Nutrigenomics and Detox - Methylation Flashcards
Q: What is methylation?
A: Methylation involves the addition of a methyl group (CH₃) to a substrate and is crucial for gene regulation, DNA/RNA synthesis, detoxification, energy production, myelination, neurotransmitter production, and immune function.
Q: What are some key functions of methylation?
A: Methylation is vital for gene regulation, DNA/RNA synthesis, detoxification (e.g., hormones like estrogen), energy production (CoQ10), myelination, neurotransmitter production (e.g., dopamine, serotonin, melatonin), and immune function.
Which dietary co-factors are essential for proper methylation?
Essential co-factors for proper methylation include folate, B12, B6, B2, choline, betaine (TMG), and zinc.
What role does SAMe play in methylation?
SAMe (S-adenosylmethionine) supplies the methyl group (CH₃) needed for methylation processes, formed from methionine and relies on methylfolate, the active form of folate.
What are some disruptors of methylation?
Disruptors of methylation include insufficient substrates (folate, methionine), lack of co-factors (B2, B6, B12, zinc), SNPs affecting enzymes, nutrient depleting factors (e.g., niacin), certain drugs (e.g., contraceptives, metformin), stress, imbalanced hormones, inflammation, and various toxins.
What health issues can impaired methylation contribute to?
Impaired methylation can contribute to cardiovascular disease, cancer (e.g., breast), infertility, chronic fatigue, mood disorders, and neurological diseases (e.g., MS, Alzheimer’s).
How can methylation be assessed?
Methylation can be assessed through genetic testing for methylation SNPs, homocysteine testing (elevated levels indicate poor methylation), and SAMe/SAH ratios.
What are the key cycles involved in methylation?
The folate cycle and methionine cycle are key pathways in methylation, linked to transsulphuration, the biopterin cycle, and the urea cycle.

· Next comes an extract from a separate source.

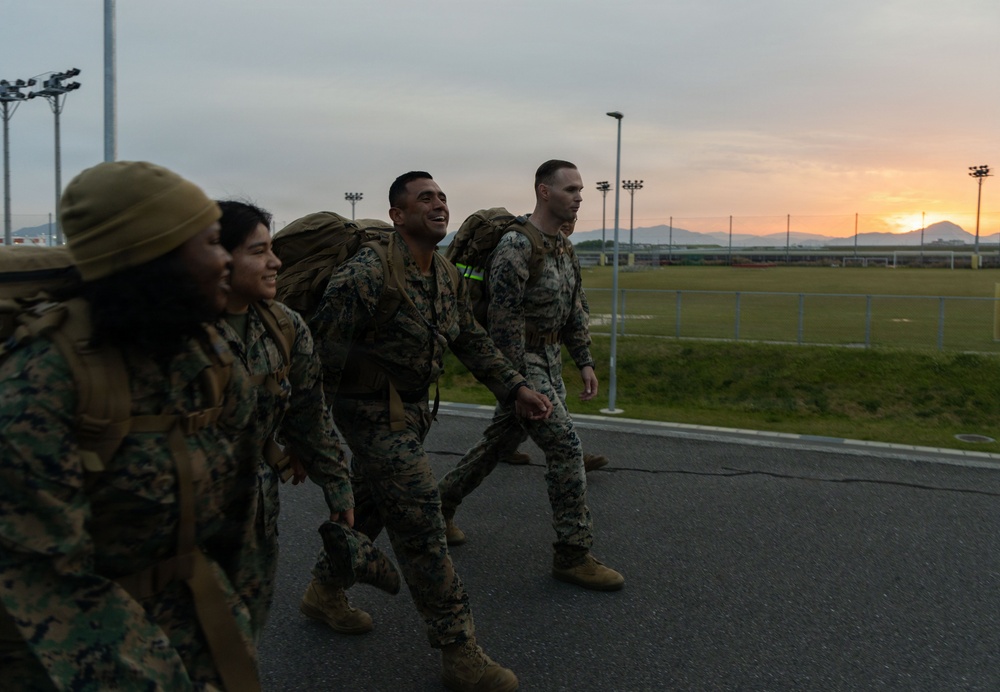 MAG-12 Marines ruck during sunrise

What is the function of the urea cycle?
The urea cycle converts ammonia to urea and arginine to the vasodilator nitric oxide (NOS), supporting cardiovascular health.
What is the key output of the biopterin cycle?
The biopterin cycle’s key output is tetrahydrobiopterin, which is essential for converting amino acids (e.g., tryptophan) to neurotransmitters like dopamine, serotonin, and melatonin.
How does the folate cycle contribute to methylation?
The folate cycle provides methyl groups to the methionine cycle, which helps convert homocysteine to methionine.
What is the role of the MTHFR gene?
The MTHFR gene codes for methylenetetrahydrofolate reductase, converting folate into its active methylated form. The C677T SNP (rs1801133) is associated with reduced MTHFR activity.
What recommendations can improve MTHFR activity?
Recommendations include optimizing dietary folate, taking methylated folate supplements, and providing B2 (riboflavin) support.
What is the function of the MTR and MTRR genes?
The MTR and MTRR genes code for methionine synthase, which increases the conversion of homocysteine to methionine.
How do SNPs in MTR and MTRR genes affect methylation?
SNPs in MTR (e.g., rs1805087 A allele) decrease methionine synthase activity, while SNPs in MTRR (e.g., rs1801394 A66G) reduce the conversion of vitamin B12 to its methylated form.